In the data that follows, find the line with "Hilco C2 Rx Sport Goggles Eyeglasses - Green"; transcribe it, every later line up to the one with "Madame Tussaud's Souvenir Guide picture", and that line as well, exactly and with no others.

RAW DATA:
= = = =

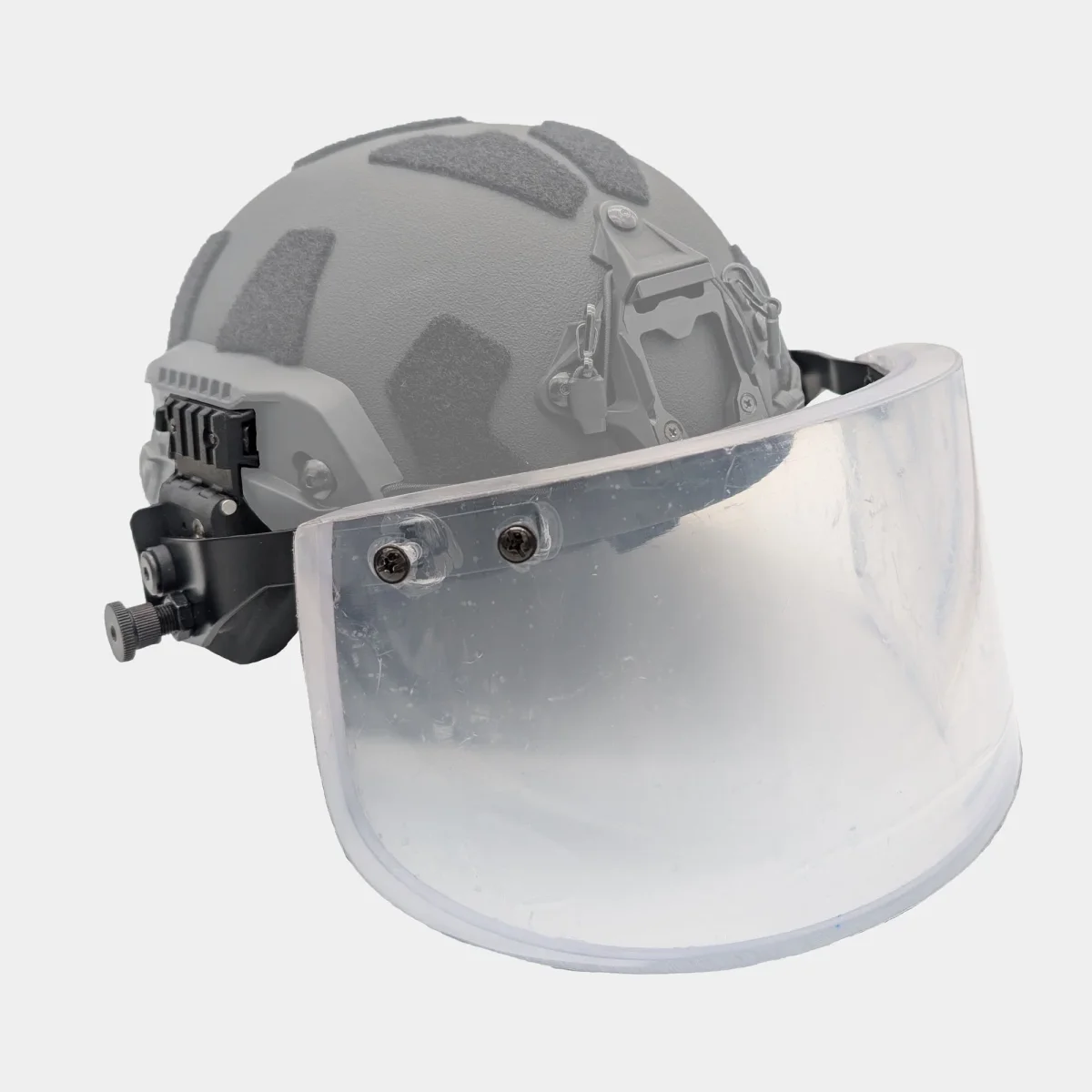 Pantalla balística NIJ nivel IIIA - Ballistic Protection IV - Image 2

= = = =

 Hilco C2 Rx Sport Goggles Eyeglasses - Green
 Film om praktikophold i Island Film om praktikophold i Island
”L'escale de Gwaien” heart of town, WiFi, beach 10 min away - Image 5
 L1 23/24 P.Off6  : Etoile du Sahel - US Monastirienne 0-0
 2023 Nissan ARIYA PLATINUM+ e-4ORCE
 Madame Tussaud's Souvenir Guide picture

= = = =

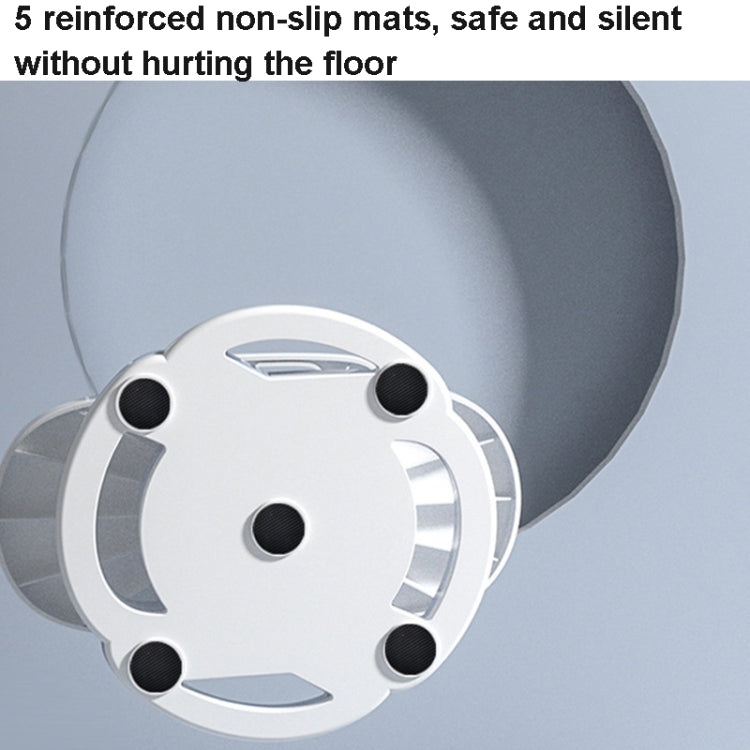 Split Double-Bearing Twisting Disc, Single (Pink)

= = = =

ANSWER TO THE PROBLEM:
 Hilco C2 Rx Sport Goggles Eyeglasses - Green
 Film om praktikophold i Island Film om praktikophold i Island
”L'escale de Gwaien” heart of town, WiFi, beach 10 min away - Image 5
 L1 23/24 P.Off6  : Etoile du Sahel - US Monastirienne 0-0
 2023 Nissan ARIYA PLATINUM+ e-4ORCE
 Madame Tussaud's Souvenir Guide picture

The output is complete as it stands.